PROVIDED RECORDS: Begin

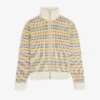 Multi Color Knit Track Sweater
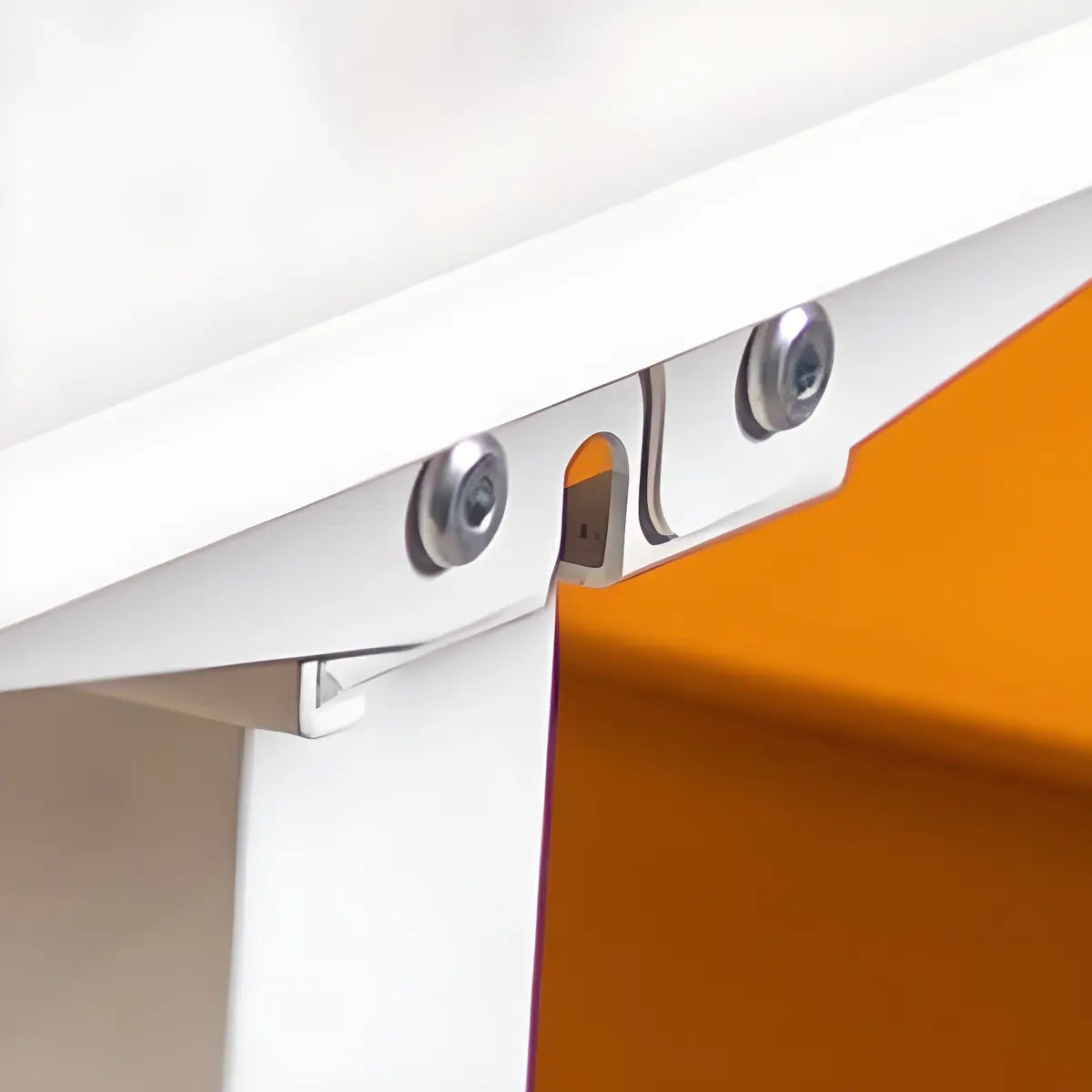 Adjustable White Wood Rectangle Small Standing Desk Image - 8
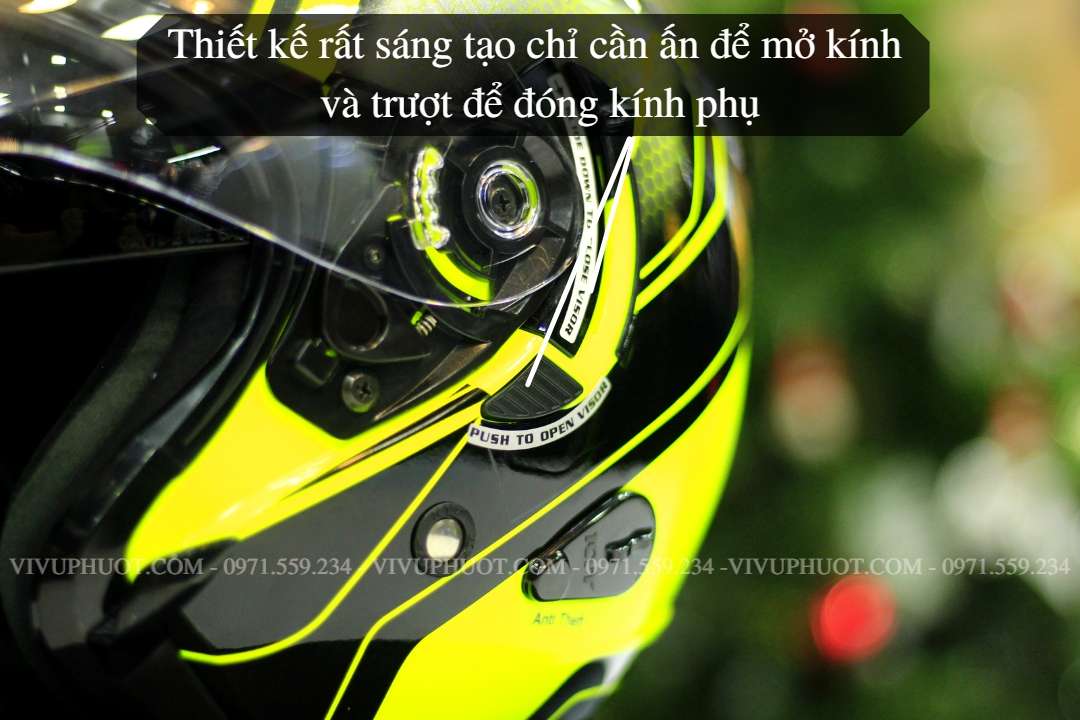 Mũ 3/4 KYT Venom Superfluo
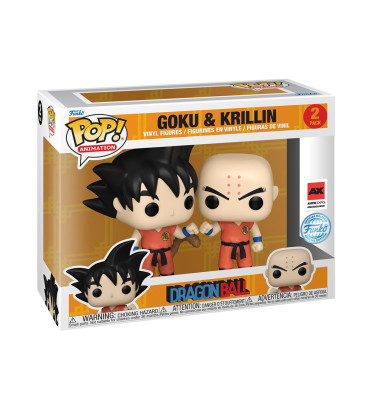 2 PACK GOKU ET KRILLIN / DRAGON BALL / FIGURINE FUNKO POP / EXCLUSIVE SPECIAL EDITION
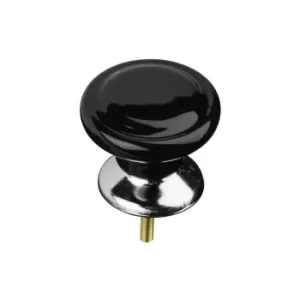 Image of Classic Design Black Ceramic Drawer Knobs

PROVIDED RECORDS: End

● **WHAT IS EXPECTED**: Word for word, restate all of the material, omitting the images.

● **RESPONSE BELOW**:
 Multi Color Knit Track Sweater
 Adjustable White Wood Rectangle Small Standing Desk Image - 8
 Mũ 3/4 KYT Venom Superfluo
 2 PACK GOKU ET KRILLIN / DRAGON BALL / FIGURINE FUNKO POP / EXCLUSIVE SPECIAL EDITION
 Image of Classic Design Black Ceramic Drawer Knobs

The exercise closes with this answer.